À la suite de ces expériences, le colonel Renard appela Ferber auprès de lui à Chalais-Meudon (1904).

Pour obvier au défaut de vents ascendants de cette localité, le capitaine Ferber imagina d'établir le lancement de son aéroplane par un plan incliné fort ingénieux.

À la fin de 1904, il était maître, comme les Wright, de la direction et du planement de son biplan. Le 27 mai suivant(1905) il accomplit avec son moteur de 6 chevaux le premier parcours stable fait en Europe.

Mais sa force motrice, insuffisante, ne lui permettait pas de se soutenir assez longtemps dans l'air.

Quatre ans plus tard, le 25 juillet 1908, avec un moteur de la Société Antoinette sur le même biplan, il traverse complètement le polygone d'Issy-les-Moulineaux «avec une stabilité parfaite» démontrant ainsi que dès 1905, il aurait pu réaliser en France les mêmes parcours que les Wright en Amérique, s'il n'avait pas été desservi par les circonstances et les personnes.


L'initiation de Santos-Dumont à l'aviation date de 1905.

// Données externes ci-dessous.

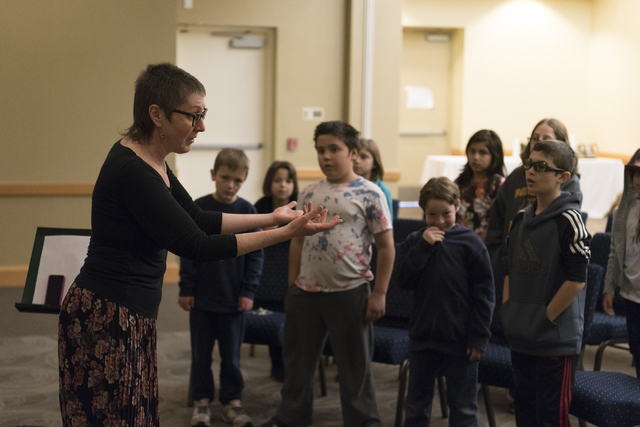 Laura Rosenberg, left, leads a group of children in a singalong of traditional Yiddish songs at Yiddish Las Vegas: A Music & Culture Festival at Temple Sinai in Las Vegas Sunday, April 10, 201 ...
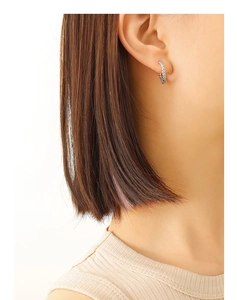 Gros plan sur les boucles d'oreilles créoles argentées avec motif torsadé en spirale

Après avoir d'abord songé à résoudre le problème de l'aviation par l'hélicoptère, il se rallie au type du biplan qu'il essaye pour la première fois à Bagatelle, le 23 juillet 1906, avec l'aide d'un ballon.

Loin de faciliter les essais, l'aérostat les entrave. Santos l'abandonne. Il essaye successivement un câble, puis un plan incliné. Enfin, il se contente d'un dispositif roulant sur le sol et le 23 octobre, à 4 h. 45 du soir, il s'enlève mollement pour un parcours aérien, sans cesse ascendant, de 60 à 70 m.

En même temps que Ferber et Santos-Dumont, divers expérimentateurs poursuivent des essais très variés de 1903 ou 1904 à 1907, car on parle beaucoup des résultats obtenus par les frères Wright, mais en les discutant et même en les contestant.